Especially this week with all the great deals, it’s easy to think you are saving a lot of money, but if it stays on the credit card, over time you end up paying more. Sometimes the best financial advice comes in a simple form.

Kelsey Beutler: “20 is the limit and we can’t use over $20 or it comes out of our allowance.”

Credit cards give big kids a big allowance. The average American household has $9,200 in credit card debt, and will charge nearly $1300 over the holidays.

The trouble is some folks find six to seven months after Christmas they are still paying off the Christmas presents. And those deals that seemed so good at the time end up costing 10-20 percent more in interest payments.

Mike Hendren, Deseret First Credit Union: “I get reports of people paying their Christmas card debt back three, four, five years later.”

Credit cards are a lot safer than writing checks or carrying cash, but people tend to spend more with plastic.

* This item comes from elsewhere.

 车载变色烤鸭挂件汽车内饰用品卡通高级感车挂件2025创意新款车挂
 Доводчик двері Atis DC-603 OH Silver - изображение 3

Mike Hendren: “It’s great to go out and buy the gifts and be able to use them and make everybody happy, but it really requires a plan as to what they are going to do when Christmas is over.”

A recent associated press poll found young adults and those who make less than $25,000 a year were most likely to doubt their own ability to manage credit card costs. The average indebted adult between 25 and 34 spends nearly 25 cents of every dollar earned on debt payments, according to the Demos report.

Mike Hendren: “During Christmas time people need to be careful and understand it’s not always easy to pay it back.”

This may be something to look into, Deseret First Credit Union, along with many other financial institutions, now offers a free service to people trying to overcome credit card debt.